Exhibition11 : hus | hav – video by Amalie Smith
Mikael R Andreasen on Exhibition11:
“Some friends of mine recently recommended a book by Amalie Smith. I went to a book store and bought it. It’s good. However, Amalie does not only write good books, she also makes video projects. The one presented here was made in 2009. I did not discover it until August 2012, but liked it immediately. Having now watched it maybe five or six times, I am still not sure exactly why I like it so much. I tend to think that it has to do with the flow and intonation of the words, but as I said, I am still not sure.”
For those of you not understanding Danish, here is an English translation of the words in the video:
THE WEST COAST RETOLD
Here is the place. I came here every summer. Itʼs been three years since I was here last. I return in October. The place looks like itself. The experience is different. Iʼm filming. There is something Iʼd like to retain.
The place. We stay here for five days. We are a family but not like we used to be one. My brother and I are adults now. We arrive at the house some time in the afternoon. Since summer, itʼs been empty, but no dust has fallen, there is no dust in the air this close to the ocean. I think that time passes slower here; Iʼm used to measure it in change.
We open the house; we fill the fireplace with firewood and the pipes with water. Here, there is no chalk in the water. The windows are greased by salt. Perhaps, there are dead mice and butterflies on the floor in the attic. There is sand on the floor in the laundry.
We used to play a game when we arrived at the house. My mother asked me, if I could see how much closer the sand dunes had moved since last year. I told her that I could. But it was difficult; my body grew as well. The landscape was smaller every time I visited it.
Even the game we played gradually diminished. I could hear in the way my mother asked the question that the sand dunes were moving slower every year. Eventually, she did not ask how close they had come. The landscape had stopped moving.
A map is hanging above the table in the room where we eat.
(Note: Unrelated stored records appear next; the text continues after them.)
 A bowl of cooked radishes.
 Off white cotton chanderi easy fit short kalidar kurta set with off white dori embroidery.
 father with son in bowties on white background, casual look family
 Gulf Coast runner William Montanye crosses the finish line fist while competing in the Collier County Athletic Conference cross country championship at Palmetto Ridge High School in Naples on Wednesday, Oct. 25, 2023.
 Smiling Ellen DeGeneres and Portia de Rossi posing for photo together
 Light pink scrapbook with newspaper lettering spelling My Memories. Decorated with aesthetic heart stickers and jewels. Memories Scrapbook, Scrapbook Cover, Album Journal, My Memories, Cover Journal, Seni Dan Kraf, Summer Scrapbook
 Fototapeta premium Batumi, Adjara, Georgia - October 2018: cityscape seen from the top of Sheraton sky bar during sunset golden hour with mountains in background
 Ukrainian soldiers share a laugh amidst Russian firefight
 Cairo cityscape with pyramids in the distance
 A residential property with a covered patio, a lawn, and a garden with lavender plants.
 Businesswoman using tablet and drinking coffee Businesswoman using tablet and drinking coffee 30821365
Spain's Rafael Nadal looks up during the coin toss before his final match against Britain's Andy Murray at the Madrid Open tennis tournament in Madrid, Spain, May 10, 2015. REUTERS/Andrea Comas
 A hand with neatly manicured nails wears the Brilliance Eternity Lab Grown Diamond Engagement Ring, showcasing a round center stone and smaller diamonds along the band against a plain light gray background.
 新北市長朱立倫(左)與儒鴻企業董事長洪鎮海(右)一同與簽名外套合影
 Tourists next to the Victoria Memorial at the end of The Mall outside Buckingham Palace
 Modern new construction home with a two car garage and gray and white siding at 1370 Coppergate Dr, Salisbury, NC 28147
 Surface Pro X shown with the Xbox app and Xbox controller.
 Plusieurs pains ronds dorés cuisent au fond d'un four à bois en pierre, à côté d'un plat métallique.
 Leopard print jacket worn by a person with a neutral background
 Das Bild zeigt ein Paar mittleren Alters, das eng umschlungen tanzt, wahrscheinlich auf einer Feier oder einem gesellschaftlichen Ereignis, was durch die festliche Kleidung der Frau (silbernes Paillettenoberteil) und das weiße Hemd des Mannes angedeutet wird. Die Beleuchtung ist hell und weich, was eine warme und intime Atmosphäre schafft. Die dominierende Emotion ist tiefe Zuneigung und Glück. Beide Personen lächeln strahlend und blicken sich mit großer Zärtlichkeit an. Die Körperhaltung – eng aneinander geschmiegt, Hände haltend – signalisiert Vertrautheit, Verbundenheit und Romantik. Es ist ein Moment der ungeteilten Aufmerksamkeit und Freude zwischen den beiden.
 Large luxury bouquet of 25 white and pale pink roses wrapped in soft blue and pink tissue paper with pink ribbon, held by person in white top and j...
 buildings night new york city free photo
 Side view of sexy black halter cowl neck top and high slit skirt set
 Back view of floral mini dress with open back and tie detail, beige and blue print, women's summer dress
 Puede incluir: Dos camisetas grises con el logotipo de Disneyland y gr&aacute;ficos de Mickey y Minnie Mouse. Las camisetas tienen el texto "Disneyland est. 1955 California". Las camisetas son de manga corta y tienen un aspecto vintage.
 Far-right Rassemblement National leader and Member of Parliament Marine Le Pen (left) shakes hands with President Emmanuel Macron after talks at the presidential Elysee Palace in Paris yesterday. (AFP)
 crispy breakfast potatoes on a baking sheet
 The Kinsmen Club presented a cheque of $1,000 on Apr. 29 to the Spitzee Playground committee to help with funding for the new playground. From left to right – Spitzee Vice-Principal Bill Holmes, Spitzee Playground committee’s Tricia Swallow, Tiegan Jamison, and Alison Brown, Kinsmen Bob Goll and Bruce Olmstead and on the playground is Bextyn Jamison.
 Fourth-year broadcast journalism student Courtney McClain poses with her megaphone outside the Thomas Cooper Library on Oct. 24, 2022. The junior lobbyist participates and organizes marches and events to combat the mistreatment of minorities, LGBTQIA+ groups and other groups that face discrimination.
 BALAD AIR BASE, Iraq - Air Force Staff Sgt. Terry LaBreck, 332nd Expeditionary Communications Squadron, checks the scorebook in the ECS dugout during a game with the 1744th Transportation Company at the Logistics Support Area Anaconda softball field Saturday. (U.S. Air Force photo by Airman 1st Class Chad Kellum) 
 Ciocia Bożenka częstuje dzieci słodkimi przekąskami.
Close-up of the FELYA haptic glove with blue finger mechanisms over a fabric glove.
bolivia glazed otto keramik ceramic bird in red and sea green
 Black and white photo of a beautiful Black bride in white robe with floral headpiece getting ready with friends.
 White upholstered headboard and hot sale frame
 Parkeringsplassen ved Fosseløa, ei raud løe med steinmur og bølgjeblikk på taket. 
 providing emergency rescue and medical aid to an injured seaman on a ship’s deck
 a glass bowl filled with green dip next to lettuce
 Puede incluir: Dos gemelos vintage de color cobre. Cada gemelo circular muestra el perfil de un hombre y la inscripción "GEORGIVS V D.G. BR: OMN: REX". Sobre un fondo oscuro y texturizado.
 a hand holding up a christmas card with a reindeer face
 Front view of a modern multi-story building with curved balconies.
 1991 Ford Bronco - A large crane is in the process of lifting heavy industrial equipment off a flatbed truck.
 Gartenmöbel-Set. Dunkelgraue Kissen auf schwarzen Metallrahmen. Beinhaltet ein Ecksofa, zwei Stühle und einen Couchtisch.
A copy of a hand drawn cadastral map from 1880. It has been hanging there as long as I remember. My mother points at our cadastral. The sea is far from it.
For many summers, she has pointed to the map, shown where the coastline runs, where it runs now, explained about the sea, which eats at the coast. Every year, I understood it in a new way. Then I forgot about it again.
I ask about the map, where it comes from, who has brought it to the house? My mother does not know. Perhaps, itʼs her parents, she says. Perhaps, the map hung in the house when they bought it in 1970. Now it is a part of the place, like the history of the landscape and like the distance to the sea.
I go for a walk along the beach towards the church on the cliff. Iʼve brought my video camera, and I film – waves, groynes, seagulls, houses. In this area, the sea has been eating of the coast. The church was in the middle of its parish. The bunker was on top of the cliff. The house was inside the country. Now, itʼs close to the sea. One would think that the landscape is in motion. But as said: itʼs stopped moving.
We go to the Coast centre; a half hour drive north. I discover that my parents do not know as much about the coast and the sea, as I thought they did. They have always said that the sea eats. It erodes. It moves material. Our sand is being moved towards the south to the coastal mudflats in the Wadden Sea.
I want to read the texts at the exhibit on my own, free from my parentsʼ comments. I have my hands full correcting my own voice, my own experience of the landscape. Of the groynes, for example. To me they are bridges going out into the water. They are places you can fish. They are a means to get into the waves without drowning.
The first groynes were laid out in a place, which is now 100 meters beyond the coastline. It was in 1875. They had hoped these would stop the erosion.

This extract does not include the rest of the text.